Research

Prof. Riedewald is co-founder and co-leader of the DATA Lab at Northeastern University. Currently he focuses on the design and implementation of novel algorithms and systems that scale in the size, arrival speed, and complexity of data, leveraging state-of-the-art techniques from machine learning (ML), AI, and LLMs. Some of the most exciting problems originated from collaborations with industry partners and scientists from a variety of domains, including ornithology, ecology, neuroscience, physics, astronomy, and even rocket science.

For a representative (though somewhat incomplete) list of my publications, please visit my Google Scholar profile or DBLP.

For Prospective PhD Students and Postdocs Interested In Joining My Lab

Before contacting me, please read the following information carefully.

What our PhD students and postdocs do: design novel algorithms; prove lower bounds, upper bounds, and/or optimality; build big-data systems; publish results in the premier computer-science and domain-science venues; collaborate with experts from industry and various domains in academia. For their excellent work, our PhD students have received recognition in the form of prestigious fellowships such as the Google PhD Fellowship and the NSF Graduate Research Fellowship, as well as Best (Student) Paper awards and best-of-conference selections.

Where they end up after graduation: in tenure-track faculty positions at research universities (UC Santa Cruz), as postdocs or research fellows at top research institutions (CMU, Darmstadt University, Harvard Medical School), and in tech companies such as Google, Microsoft, or innovative startups.

Will you be a good fit for my lab? To find out, read some of our recent papers and see if you are excited about the problems and our solutions. Ask yourself: Would I have wanted to do this research and write this paper? Where in the spectrum from more theoretical algorithm design and complexity analysis to hands-on system building can you envision yourself? Also check out some of our projects below.

What to do if you are interested in joining my lab: Apply to the Khoury College PhD program in Computer Science—I will look for applicants there and all our PhD students must be admitted through this process. To alert me about your application, please send me a short email where you tell me about your background and why you are interested in working with me. Which paper or project got you excited? What specific aspects of our approach did you find most appealing? Be concrete but brief. Be ready to chat with me about this paper: why does this work matter, what are the main contributions, and what can it do that previous work was not able to do?

Representative Recent Projects

Why Not Yet: Algorithmic Fairness for Individuals and Groups: We are interested in exploring and correcting the impact AI tools have on our everyday lives, especially in the context of algorithmic fairness for ranking. Individuals and institutions have long used rankings for decision-making, e.g., to determine who gets a job, who is admitted to a university, which university to apply to, and even to pick the best basketball players of all time. While it is convenient to rely on data and algorithms to produce such rankings, we must establish guardrails to prevent unintended outcomes. In this project, we investigate acceptable notions and measures of fairness, and devise mechanisms for ensuring that algorithms behave accordingly. One result is a novel fairness definition based on the qualifications of individual entities.
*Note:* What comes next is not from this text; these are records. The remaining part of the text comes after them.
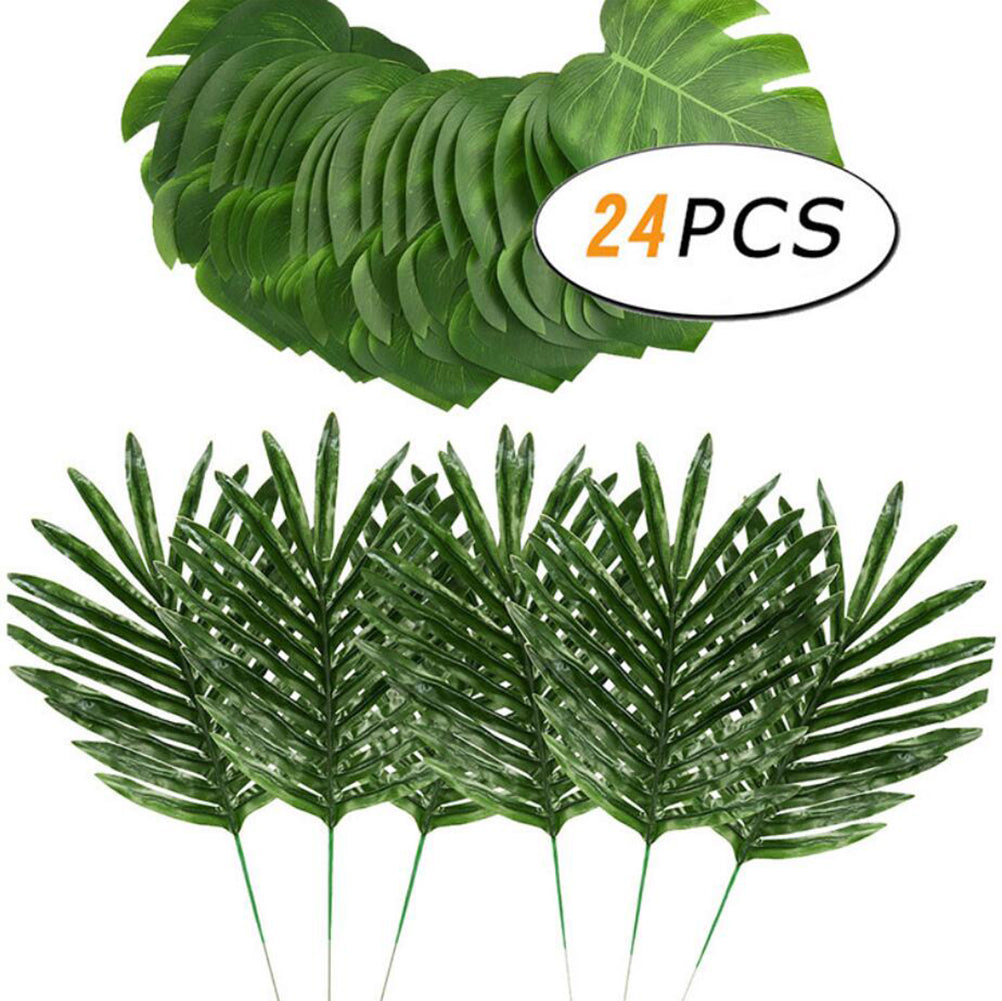 Artificial Palm Leaves Plant Faux Leaf Summer Hawaiian Tropical Beach Birthday Wedding Party Table Supplies Decorations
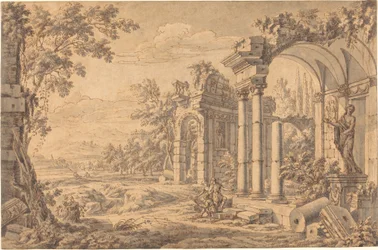 Landschap met een tekenaar tussen oude ruïnes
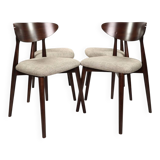 Set of 4 heritage herringbone natural linen dining chairs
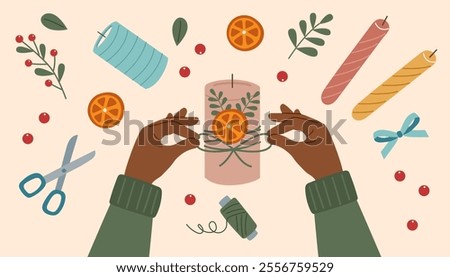 Sustainable concept banner. Hands making and decorating candles. Top view. Workshop concept. 
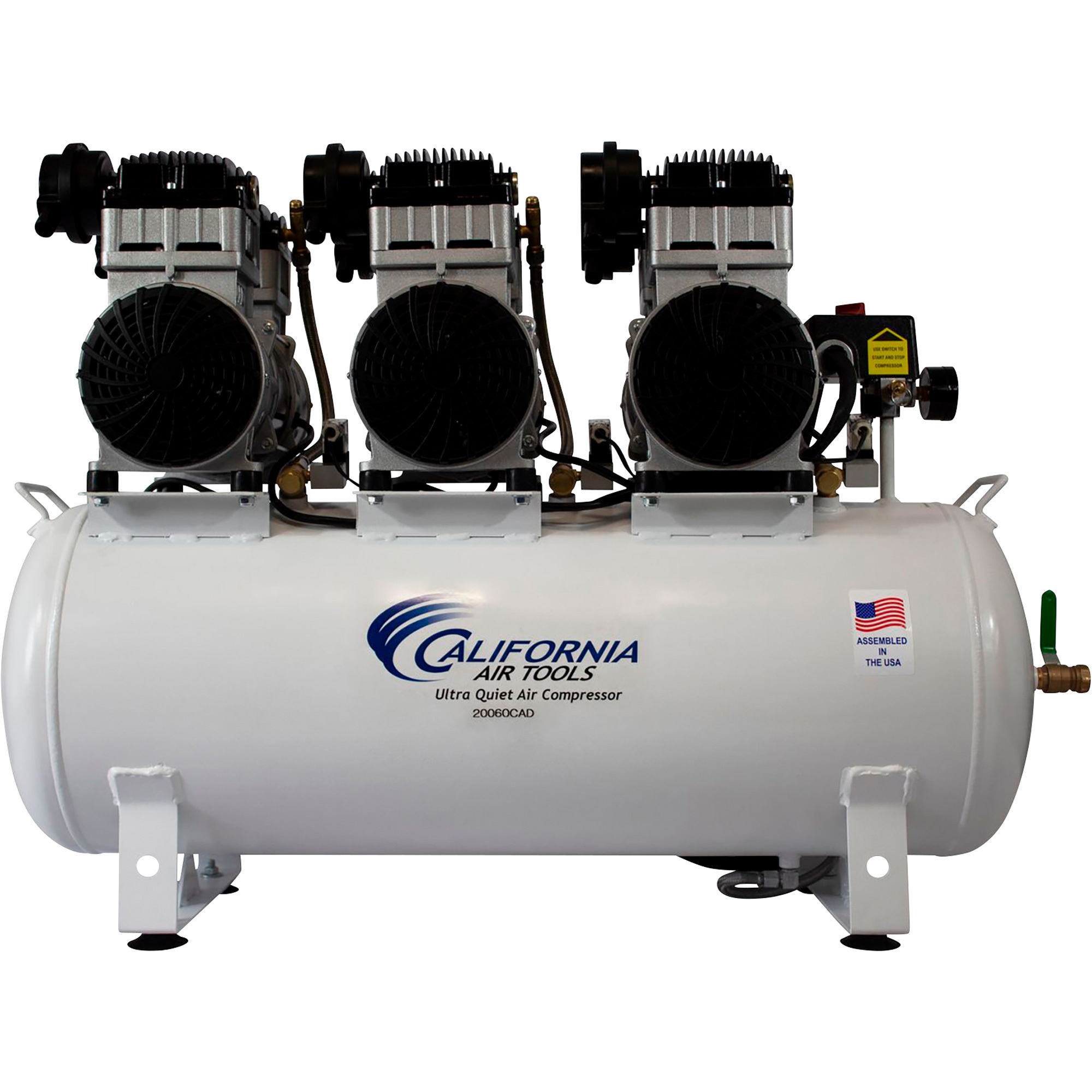 Compresor de aire California Air Tools 20060CAD Ultra-Silencioso sin Aceite, 6 HP, 20 Galones, 125 PSI Máximo.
It complements previous work, which explored target ranges for the representation of groups in the top positions of a ranking. We also study techniques for explaining and debugging an undesirable ranking and the function used to assign scores to entities. Unlike rankings generated by complex AI approaches that are difficult to understand, we focus on linear functions and attempt to use powerful formal methods in a way that allows our approach to scale to big data.

Any-k: Optimal Ranked Enumeration for Conjunctive Queries: When a query on big data produces huge output, can we quickly return the "most important" results without even computing the entire output? If the notion of importance is difficult to define, can we return the top-ranked results so quickly that the user can try out different options (nearly) interactively? For what types of queries and data can this functionality be supported? And what are the best time and space guarantees we can provide?

Distributinator: Scalable Big-Data Analytics: How do we effectively and efficiently use many machines in a cluster or in a cloud to solve a big-data-analysis challenge? What is the best way to partition a dataset so that running time of the distributed computation is minimized? How do we abstract a complex distributed computation so that we can learn a mathematical model of how running time depends on parameters affecting data partitioning?

NCTracer Web: How do we turn 20,000 3D image stacks (10 terabytes per mouse brain) taken by a high-resolution light microscope into a coherent 3D image of the brain? How do we extract from this massive dataset a graph representing the neurons captured in the image? And how do we analyze this graph efficiently? Can we extend this approach to include other brain data, e.g., from fMRI and electron microscopes? And can we generalize our techniques to graph problems in other domains such as social network analysis?

Table-as-Query: Unifying Data Discovery and Alignment: Fueled by advances in information extraction and societal trends that value institutional openness and transparency, structured data are being produced and shared at an overwhelming speed. Open-data sharing is central to supporting institutional transparency, but transparency is not achieved if shared data cannot be found and effectively aligned with other data being studied by data scientists, journalists, and others. This project contributes to the science of open-data sharing by laying the theoretical foundations of data discovery and by designing a system that solves the problem at scale.